Bitte … Desmonds Haut kribbelt, als strichen unsichtbare Spinnweben über sie. Lasst mich!

Wie in einem makabren Puppenspiel gleiten die Totenschleier von den Wiegen, und Desmond sieht seine beiden Brüder, sieht ihre blau angelaufenen Gesichter.

Starre Augen richten sich auf ihn.

Desmond.Jaspers winziger Babymund verzieht sich zu einem seelenlosen Lächeln. Du solltest tot sein, nicht wir …

 Wir werden dich holen, Desmond,bestätigt Winston. Schon bald.

Winzige Hände greifen nach dem Rand der Wiegen, und im Zeitlupentempo der Unvermeidlichkeit klettern die Säuglinge heraus. Desmond versucht zu schreien, aber seine Stimmbänder sind gelähmt. Er konzentriert sich auf seinen Körper, auf die Starre, die er durchbrechen muss, wenn er überleben will. Mit aller Willenskraft kämpft er dagegen an, gewinnt die Kontrolle über seine Muskeln zurück. Er dreht sich um, bereit, aus dem Zimmer zu rennen – und bleibt stehen, als wäre er gegen eine Wand gerannt.

Im Türrahmen stehen seine Eltern, einen Ausdruck von ultimativem Schock auf den Gesichtern. Dann fühlt Desmond, wie von hinten winzige Hände nach seinen Beinen greifen, und er schreit, schreit, schreit …

_____

Keuchend setzt sich Desmond im Bett auf, schaut verwirrt um sich. Ein winziges Zimmer. Ein Tisch, ein Stuhl, ein WC, ein Waschbecken. Sonst nichts.

Meine Zelle.

Wie immer ist er nach dem Mittagessen – einer Mahlzeit, die einem koreanischen Kriegsgefangenenlager würdig gewesen wäre – eingeschlafen. Und wie jedes Mal realisiert er, wie viel klarer und echter seine Albträume sind als sein Leben im Wachzustand. Wach mit Psycho-Drogen … ein schlechter Witz.

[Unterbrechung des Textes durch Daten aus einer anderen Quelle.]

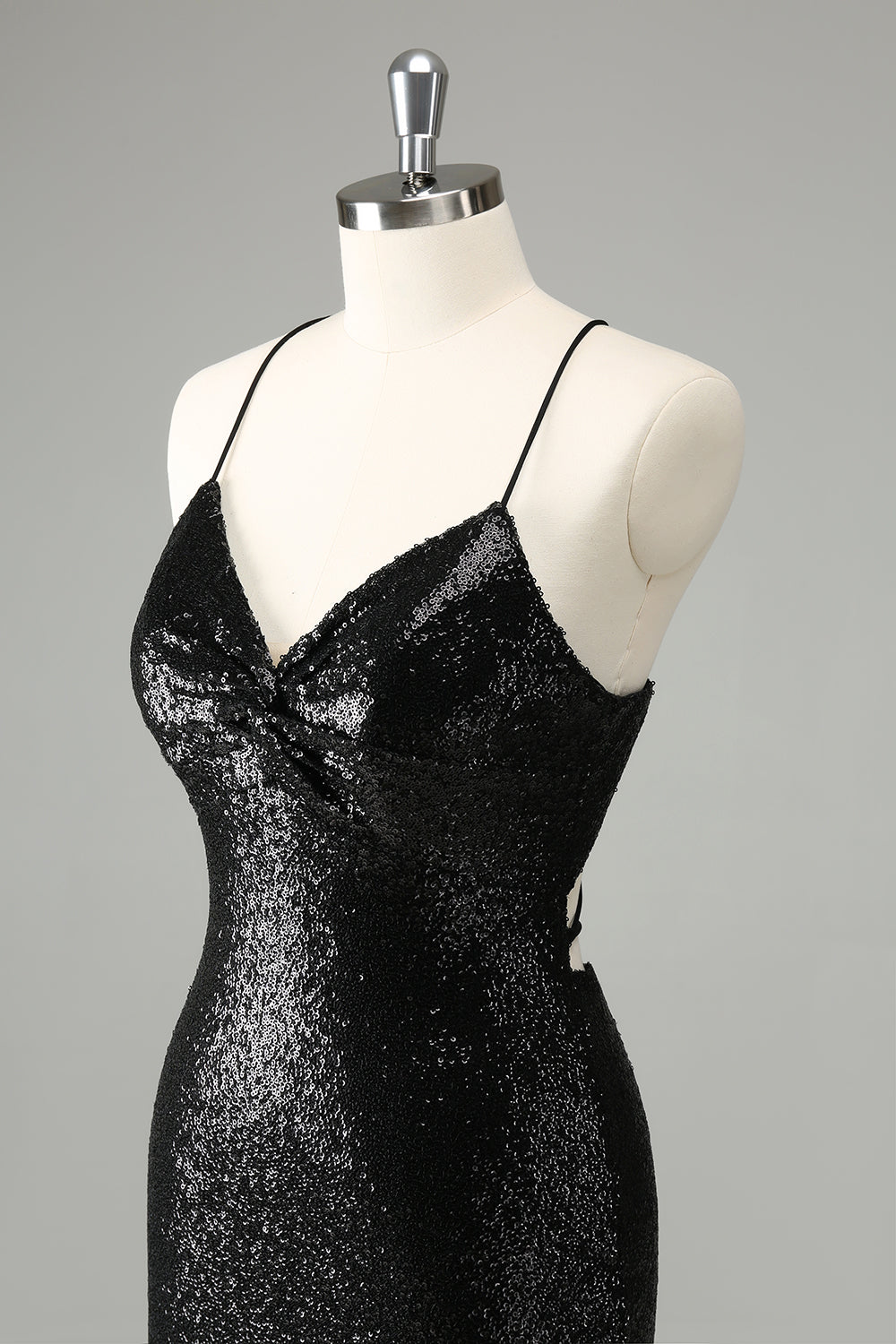 Schwarzes, figurbetontes, kurzes Homecoming-Kleid mit Spaghettiträgern und Pailletten und Schnürung am Rücken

Der Traum, eben noch da, beginnt sich zu verflüchtigen, weicht der wattigen Leere, die Desmonds Kopf erfüllt, seit er in der Klinik ist. Er schaut zum vergitterten Fenster, sieht das trübe Licht eines frischgeborenen Frühlings, der immer noch nach Winter riecht.

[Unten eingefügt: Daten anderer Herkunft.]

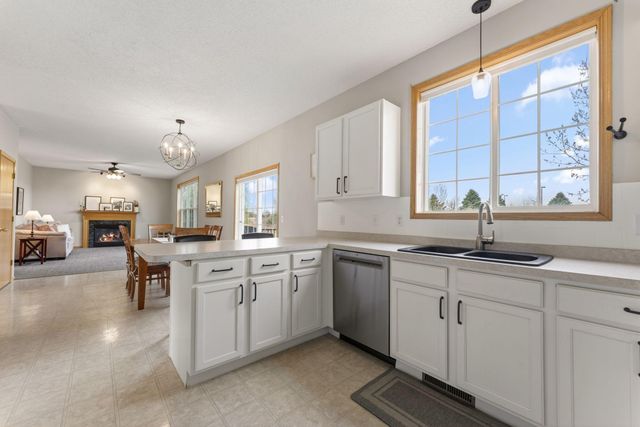 3941 94th Avenue N, Brooklyn Park, MN 55443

Auf gummiartigen Beinen erhebt er sich und geht zur Tür, den Oberkörper vornübergebeugt wie ein Parkinson-Patient. Trotz der Benommenheit beherrscht ihn Tag und Nacht eine innere Unruhe, die ihn dazu zwingt, ständig umherzugehen, oder an Ort und Stelle zu treten, in den Knien zu wippen. Er kennt die Akathisie, eine der typischen Nebenwirkungen der Neuroleptika, von seiner Ausbildung, und von seinen eigenen Patienten. Die Tatsache, dass er auf einmal die Rolle wechseln musste, dass er der Patient ist, erscheint ihm wie göttliche Ironie.

Du bist kein Patient, korrigiert er sich. Du bist ein Insasse. Ein Gefangener. Ein Mörder.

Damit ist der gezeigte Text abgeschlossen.